Moose Lake Star Gazette - Serving Carlton and Pine Counties Since 1895

By Lois Johnson
Moose Lake Star Gazette 

Discontinuing 7th, 8th grade sports considered


The Barnum School Board discussed discontinuing school-sponsored seventh and eighth sports at the meeting of the board on Tuesday, July 16.

The proposal was made because of the budget and the high cost of coach’s salaries and transportation. Those sports could be offered by a community group, it was said.

Although the families of students pay participation fees, the fees charged are not enough to make up for the costs.

“Some kids don’t participate because they know that their families can’t afford it,” said board member Lenore Skoglund.

No decision was made about the school not offering seventh and eighth grade sports at this time.

However, the board passed a motion to increase each activity fee by $15, and set a family maximum fee at $180, due to an increase in transportation costs.

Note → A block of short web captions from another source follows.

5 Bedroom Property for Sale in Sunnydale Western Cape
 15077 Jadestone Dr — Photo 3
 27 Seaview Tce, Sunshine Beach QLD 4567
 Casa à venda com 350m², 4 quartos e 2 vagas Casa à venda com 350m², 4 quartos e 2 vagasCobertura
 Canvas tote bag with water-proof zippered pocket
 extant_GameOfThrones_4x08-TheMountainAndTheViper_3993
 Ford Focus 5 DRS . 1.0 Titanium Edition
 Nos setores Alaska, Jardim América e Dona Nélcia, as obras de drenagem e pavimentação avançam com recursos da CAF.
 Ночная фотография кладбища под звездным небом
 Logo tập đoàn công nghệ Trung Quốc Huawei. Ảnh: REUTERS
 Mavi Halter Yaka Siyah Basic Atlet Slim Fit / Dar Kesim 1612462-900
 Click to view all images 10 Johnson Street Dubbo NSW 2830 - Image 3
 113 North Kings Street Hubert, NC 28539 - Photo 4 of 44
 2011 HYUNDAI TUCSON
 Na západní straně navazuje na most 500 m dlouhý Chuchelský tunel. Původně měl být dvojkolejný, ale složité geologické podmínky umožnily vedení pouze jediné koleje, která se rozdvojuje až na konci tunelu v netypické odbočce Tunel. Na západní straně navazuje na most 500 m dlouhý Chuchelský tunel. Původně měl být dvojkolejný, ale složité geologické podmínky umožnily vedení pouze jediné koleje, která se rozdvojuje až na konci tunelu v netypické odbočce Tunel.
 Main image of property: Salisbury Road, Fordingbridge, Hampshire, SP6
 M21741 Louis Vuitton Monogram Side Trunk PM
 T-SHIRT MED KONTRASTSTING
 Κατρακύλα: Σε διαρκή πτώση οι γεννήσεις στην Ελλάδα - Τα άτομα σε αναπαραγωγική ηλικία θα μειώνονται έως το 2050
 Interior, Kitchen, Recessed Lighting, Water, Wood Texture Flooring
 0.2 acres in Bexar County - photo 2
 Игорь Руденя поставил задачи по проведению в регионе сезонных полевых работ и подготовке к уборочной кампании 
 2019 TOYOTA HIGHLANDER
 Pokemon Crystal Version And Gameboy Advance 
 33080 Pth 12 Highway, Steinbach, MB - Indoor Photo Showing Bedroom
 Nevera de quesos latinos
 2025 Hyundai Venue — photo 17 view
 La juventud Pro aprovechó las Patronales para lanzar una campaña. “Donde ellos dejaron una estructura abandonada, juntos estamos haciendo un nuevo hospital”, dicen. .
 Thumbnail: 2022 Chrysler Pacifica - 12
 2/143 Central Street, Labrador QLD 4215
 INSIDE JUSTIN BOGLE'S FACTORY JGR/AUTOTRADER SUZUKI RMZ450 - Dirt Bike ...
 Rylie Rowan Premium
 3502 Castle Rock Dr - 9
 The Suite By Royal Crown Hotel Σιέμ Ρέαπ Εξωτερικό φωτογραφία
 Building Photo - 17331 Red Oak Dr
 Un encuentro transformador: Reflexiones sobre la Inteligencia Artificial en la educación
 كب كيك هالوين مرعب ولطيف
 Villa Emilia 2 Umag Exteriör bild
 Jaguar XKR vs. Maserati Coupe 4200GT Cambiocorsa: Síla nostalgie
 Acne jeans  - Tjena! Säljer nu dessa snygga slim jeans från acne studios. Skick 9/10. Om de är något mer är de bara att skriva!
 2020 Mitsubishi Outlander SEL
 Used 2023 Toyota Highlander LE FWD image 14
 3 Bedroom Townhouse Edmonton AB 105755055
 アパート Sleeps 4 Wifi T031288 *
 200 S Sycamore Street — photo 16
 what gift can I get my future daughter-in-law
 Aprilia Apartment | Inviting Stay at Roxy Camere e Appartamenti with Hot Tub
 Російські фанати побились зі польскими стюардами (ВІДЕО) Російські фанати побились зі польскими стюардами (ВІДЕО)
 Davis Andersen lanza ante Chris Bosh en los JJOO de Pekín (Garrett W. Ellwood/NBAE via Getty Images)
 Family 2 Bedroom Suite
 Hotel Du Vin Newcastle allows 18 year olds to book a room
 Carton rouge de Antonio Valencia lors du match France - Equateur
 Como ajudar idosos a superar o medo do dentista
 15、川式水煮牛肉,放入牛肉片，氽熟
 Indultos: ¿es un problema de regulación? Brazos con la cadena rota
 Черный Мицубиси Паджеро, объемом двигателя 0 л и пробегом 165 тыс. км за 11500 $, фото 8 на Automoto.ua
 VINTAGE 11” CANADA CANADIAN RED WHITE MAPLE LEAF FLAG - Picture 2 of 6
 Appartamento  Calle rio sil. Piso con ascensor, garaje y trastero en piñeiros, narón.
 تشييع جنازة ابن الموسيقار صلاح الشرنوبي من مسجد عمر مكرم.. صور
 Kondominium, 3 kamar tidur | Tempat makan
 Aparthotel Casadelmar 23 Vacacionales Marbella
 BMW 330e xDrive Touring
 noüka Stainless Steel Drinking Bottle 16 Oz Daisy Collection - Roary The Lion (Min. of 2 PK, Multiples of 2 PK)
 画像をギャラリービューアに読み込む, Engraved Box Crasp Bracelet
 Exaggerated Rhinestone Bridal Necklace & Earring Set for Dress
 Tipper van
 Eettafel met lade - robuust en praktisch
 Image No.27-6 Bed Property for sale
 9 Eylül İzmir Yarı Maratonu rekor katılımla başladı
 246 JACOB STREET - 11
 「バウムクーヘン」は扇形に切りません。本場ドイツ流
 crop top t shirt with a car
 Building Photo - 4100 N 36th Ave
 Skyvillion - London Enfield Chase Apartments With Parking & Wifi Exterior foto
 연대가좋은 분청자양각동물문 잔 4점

New legislation to give the school board the authority to approve a $300 per adjusted pupil unit operating referendum without voter approval was discussed. That will replace the $1 operating referendum that the voters had approved.

The new levy will result in the school district receiving an increase of $176,046, added to the current $200,466 in revenue, totaling $376,512 in fiscal year 2015. That is the result of a levy for 30.86 percent, which would generate state revenue aid of 69.14 percent. The new levy would be for five years.

The board did not make a final decision. The deadline for a decision is September 30.

“Most of the change is in the state aid,” said Business Manager Dawn Hultgren. “It comes from the state, not our taxpayers.”

“This is one way that the Legislature can give you money,” added Superintendent Dave Bottem. “This is a gift on the taxpayers. Everything that the state gives is on the taxpayers.”

Several board members said that they should proceed with caution. Approval of the $300 levy could turn the voters against the school district, it was said.

Others spoke of reserving the extra revenue for a specific expense, such as a new bus.

“I’m torn too,” said board chair Pat Poirier. “We’re trying to stop the bleeding. This will help.”

“We need a comprehensive plan to get out of debt,” said board member Michael Line. “The debt went from $200,000 to $600,000.”

Hultgren pointed out that the school district was not in debt, it was deficit spending.

The levy increase will be presented to the community on Facebook and in other communications for discussion before a decision is made.

There was discussion about a proposed $15 million bond referendum for adding classrooms and a gym to the high school to accommodate the large classes of elementary students that will be advancing into high school in the future. The plans also include replacing the boiler in the elementary school, which has been in service since the school was built in the 1960s.

The proposed referendum election would be held in 2014.

Supt. Bottem said that more state aid will be received for a 25-year bond rather than a 30-year bond. The property taxes would increase 18.48 percent.

“The property taxes for property owners in the school district just went down,” he added. “They will just go back up, depending on what the interest rate is when we take out the bonds.”

The board members expressed their support of the proposal.

“It’s a good idea,” said board member Colleen Fetters. “We have to keep growing. If not, we die.”

Supt. Bottem said that more serious discussion was needed at public meetings. He suggested that an architect draw up a concept of what the addition would look like, and meetings be held in homes in the community, where a board member can explain the proposed plans.

“We want community input,” said board member Paul Coughlin. “What do they want to see us do?”

No decision was made.

In other business, the board voted to keep the salaries of the board members the same, despite a proposal to raise the salaries at the same rate as the staff salary increases. It was said that the salaries of the board members hadn’t been raised for 20 years, and that it was hard to get potential board members to serve for $30 a meeting.

The board approved a plan to landscape an area in front of the school and add maroon and gold day lilies. Supt. Bottem reported that the new landscape would take care of a problem area and add color to the front of the school. Community groups and alumni will be asked to donate towards the $6,450 project.

The next meeting of the Barnum School Board was set for Tuesday, August 20, at 6:30 p.m.